# DESCRIPTION OF THE TASK
Exact copies of the lines below, from the one with "a table filled" up to and including the one with "A wooden board", are what this calls for; leave out pictures.

# EXTRACTED DATA
━━━━━━
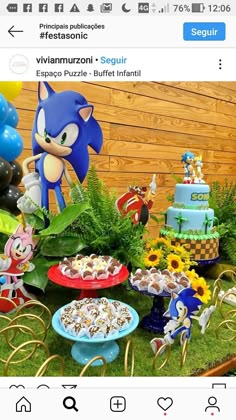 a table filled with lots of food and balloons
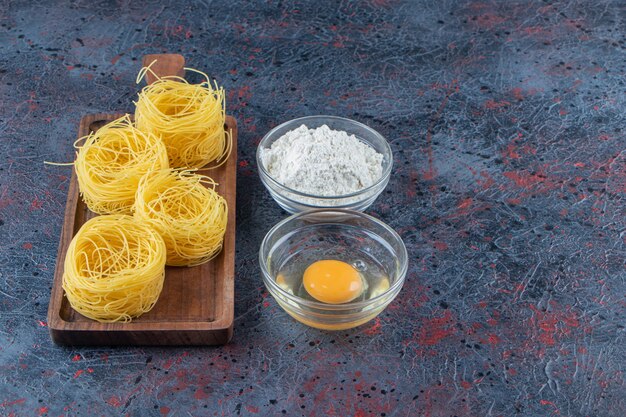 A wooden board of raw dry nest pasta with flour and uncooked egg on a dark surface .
━━━━━━
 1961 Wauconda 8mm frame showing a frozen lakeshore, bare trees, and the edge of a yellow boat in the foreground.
━━━━━━
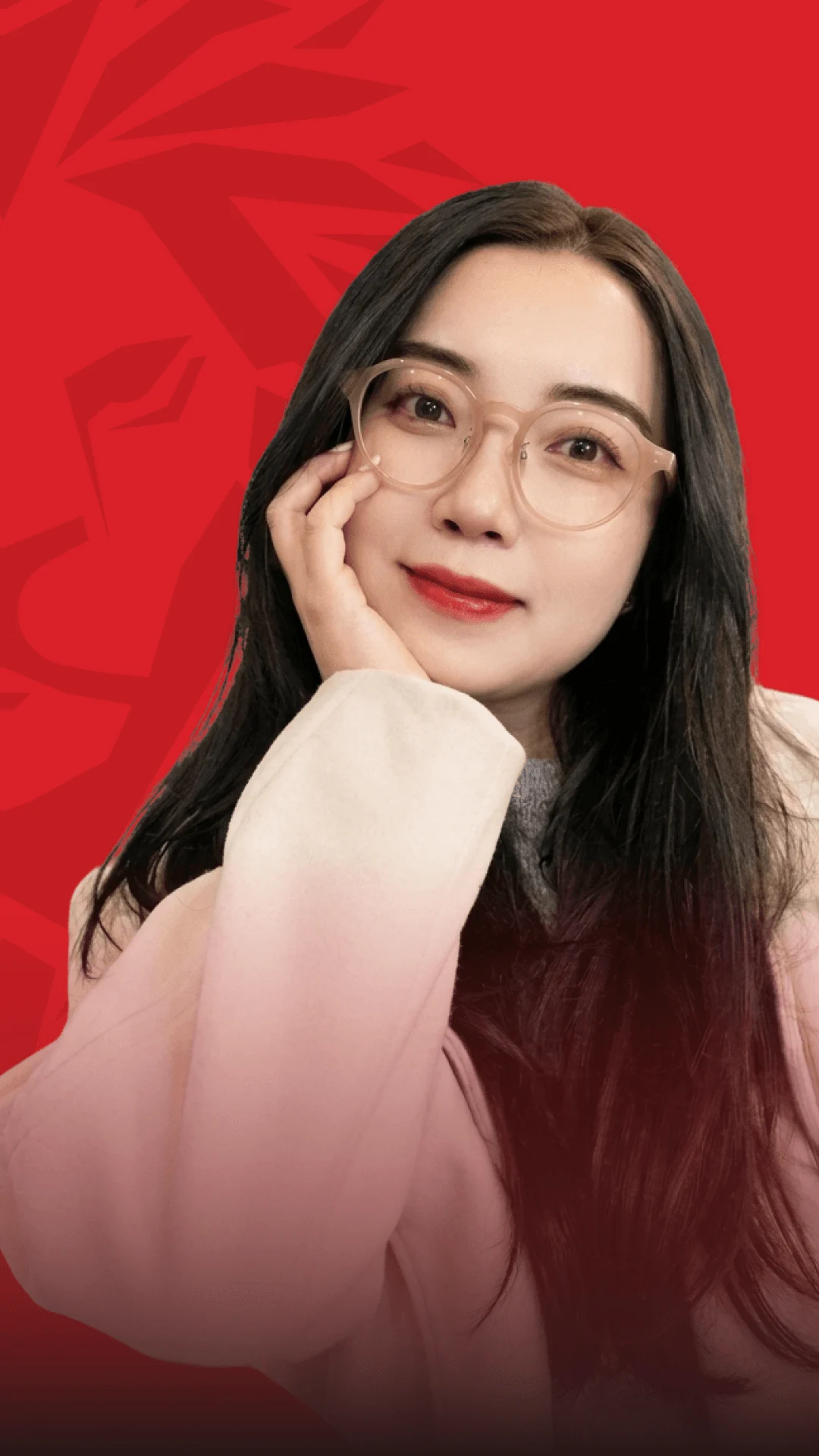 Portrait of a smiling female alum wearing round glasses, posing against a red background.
━━━━━━
# RESULT
 a table filled with lots of food and balloons
 A wooden board of raw dry nest pasta with flour and uncooked egg on a dark surface .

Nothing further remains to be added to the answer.